For those who are interested in learning more about the Yakuza, here’s an intriguing video available of The Anime Man conducting an interview with a former Yakuza member in Japan. Throughout the interview, many of the misunderstandings and misconceptions surrounding the portrayal of Yakuza in pop culture are clarified.
In recent years, a growing debate has emerged surrounding the portrayal of the Yakuza as lighthearted in anime and other forms of media. Some contend that this representation is harmful, while others argue that it merely reflects artistic expression and creativity. Additionally, proponents of this portrayal suggest that it can serve as an essential tool for delving into complex issues related to power, identity, and social hierarchies.

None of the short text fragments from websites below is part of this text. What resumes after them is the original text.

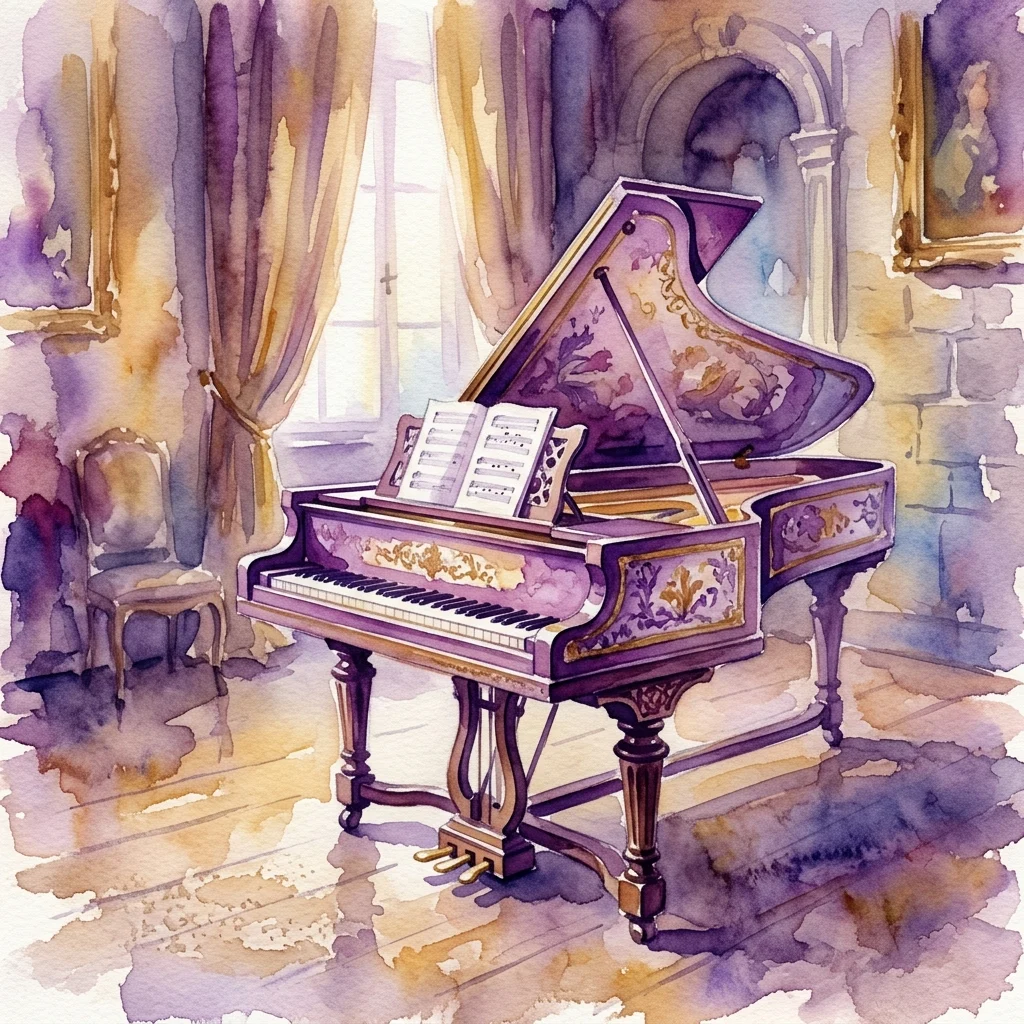 Una ilustración en acuarela de un clavicémbalo vintage con partituras, ambientado en una habitación histórica con poca luz y detalles ornamentados, con un retrato en la pared.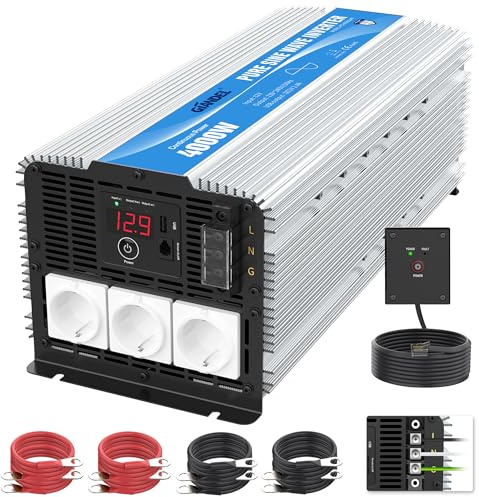 GIANDEL 4000W Wechselrichter 12V auf 230V Reiner Sinus Spannungswandler | Kompatibel mit LiFePO4 für Zuhause, Wohnmobil, Camping, Off-Grid Solarstrom Power Inverter mit Fernbedienung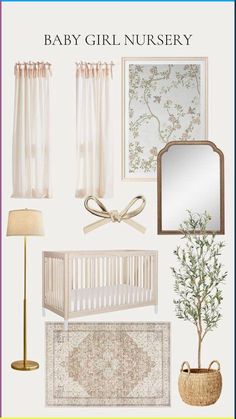 a baby girl nursery room with white furniture and accessories, including a crib, dresser, mirror, rugs, lamp, window curtain, wall hanging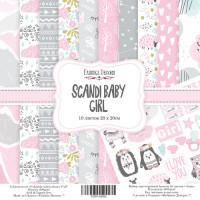 Набор скрапбумаги Скандинавская малышка Девочка (Scandi Baby Girl) 20x20 см, 10 листов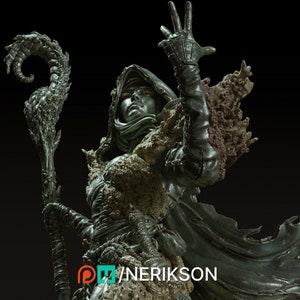 May include: A detailed, bronze-coloured statue of a cloaked figure with a staff. The figure has a hood pulled over their head, and their face is partially obscured by the hood. The staff is made of a twisted, organic material and has a curved top.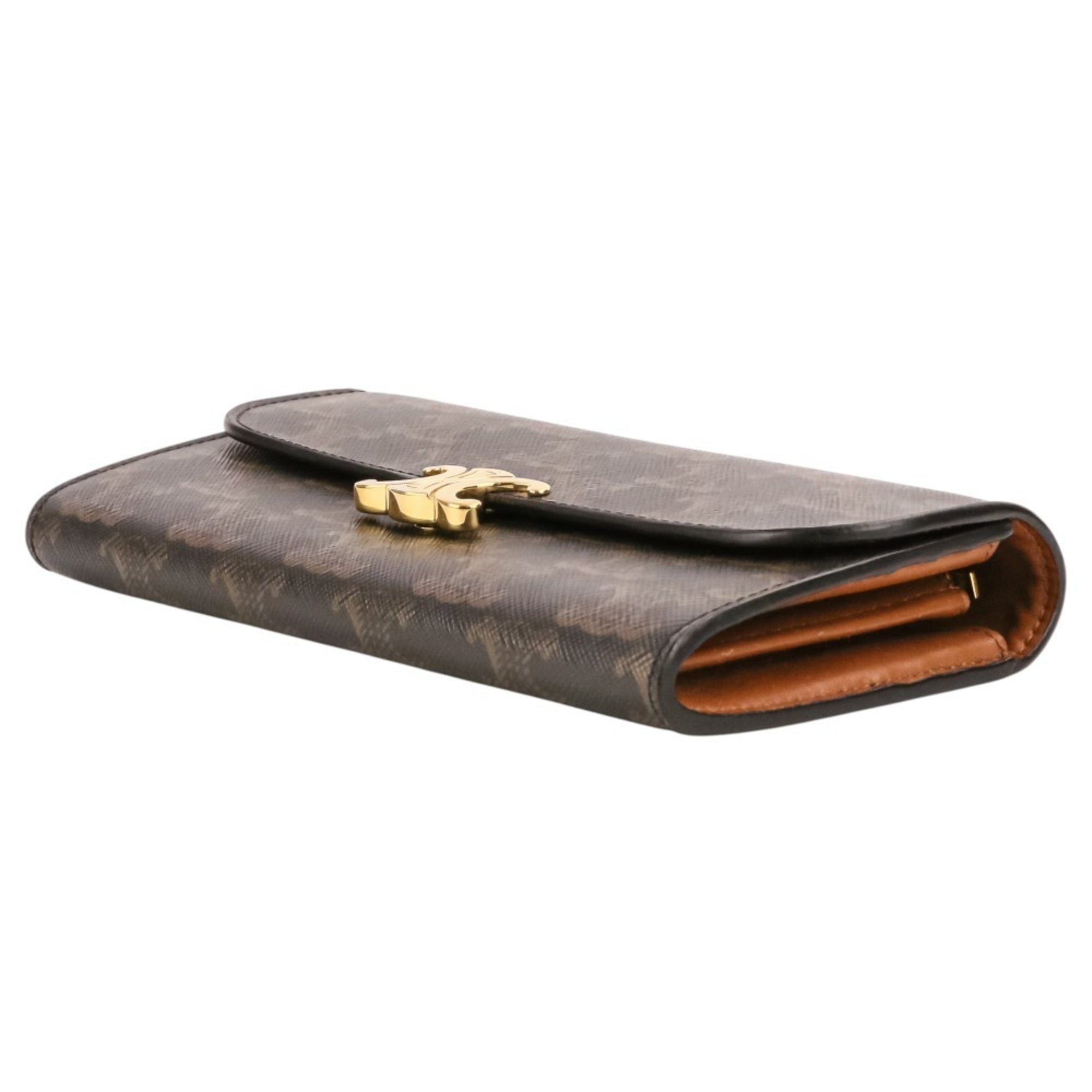 Celine Brown Pvc Long Wallet (Bi-Fold) (Pre-Owned)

Both sides of the debate present valid arguments. While it is important to recognize the rights of artists and writers to express their ideas and perspectives, they must also be mindful of the potential consequences of their work. The romanticization of the Yakuza can be detrimental if it normalizes criminal behavior or perpetuates harmful stereotypes. Conversely, it can also be a valuable instrument for examining complex social and cultural issues.

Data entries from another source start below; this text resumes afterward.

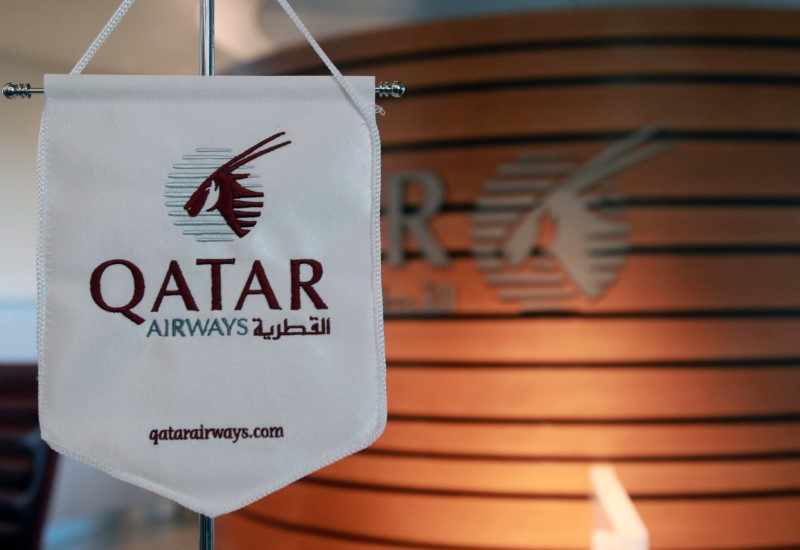 A logo of Qatar Airways is seen at Hamad International Airport in Doha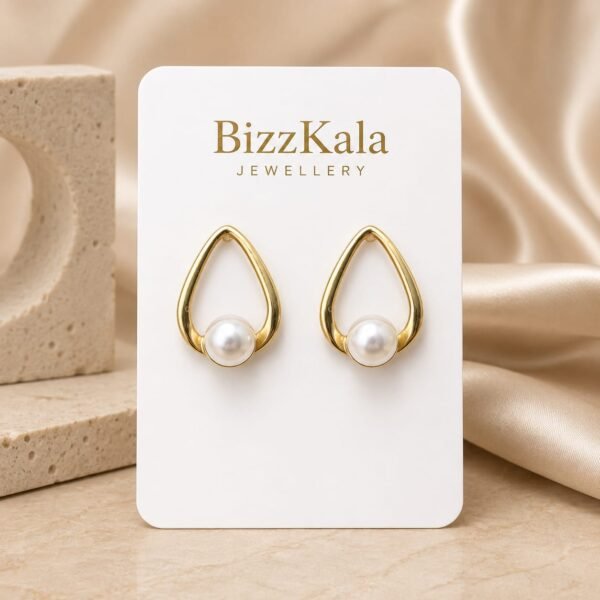 Pearl Teardrop Stud Earrings for Women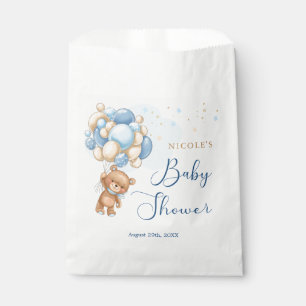 Teddy Bear Blue Balloons Babydusche Gefallen Beute Geschenktütchen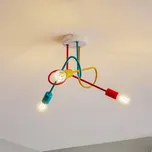 HELam Stropní světlo Oxford tříramenné oranžové/červené/tyrkysové oranžová, červená, tyrkysová 3 x 60 W - Doprava zdarma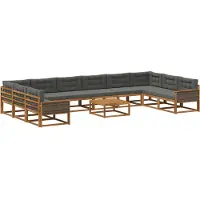 vidaXL Outdoor-Sofagarnitur mit Kissen 11 pcs Natur und Anthrazit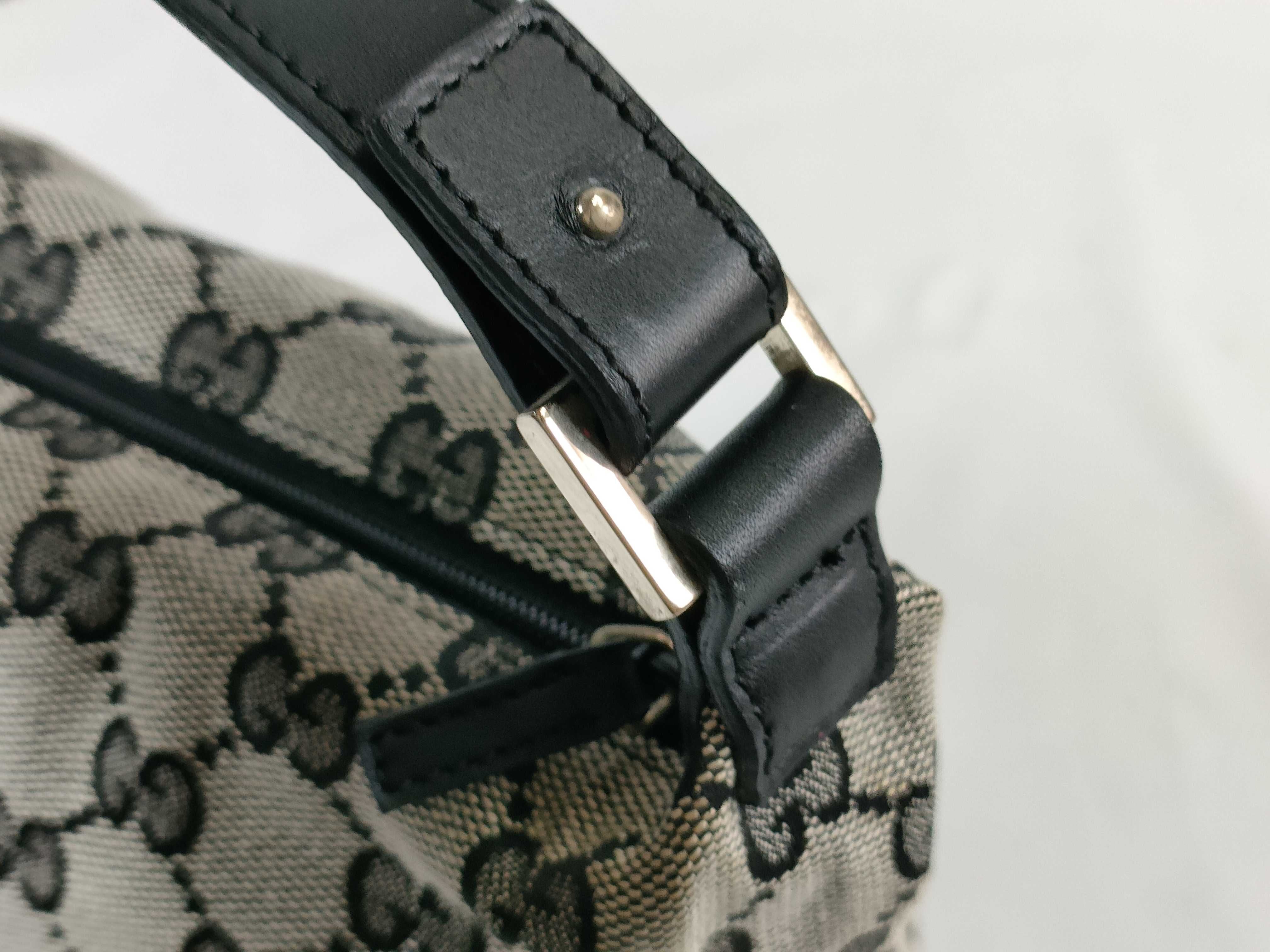 GG Canvas Mini Hobo Bag — Black × Grey
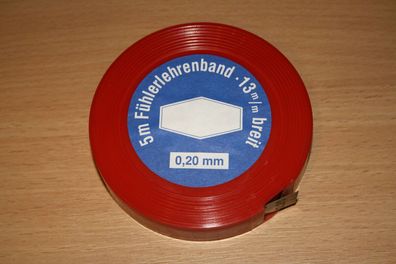 Rolle Fühlerlehrenband 5m Fühlerlehre Abstandslehre Fühllehre 0,20mm Band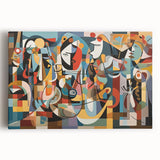 Stretched canvas artwork showcasing a vibrant abstract design with bold colors, framed for display, ideal for modern home decor or art enthusiasts.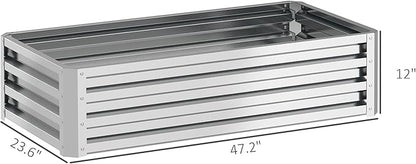 Outsunny Galvanized Raised Garden Bed, 4' x 2' x 1' Metal Planter Box, for Growing Vegetables, Flowers, Herbs, Succulents, Silver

Ultimately, it is crucial for artists and writers to approach the portrayal of the Yakuza and other sensitive subjects with sensitivity, nuance, and awareness of their potential impact. It is equally important for audiences to consume media with a critical and discerning eye, understanding that what they see on the screen does not necessarily mirror reality. By engaging in open and respectful dialogue about these issues, society can foster a more informed comprehension of the intricate world around us.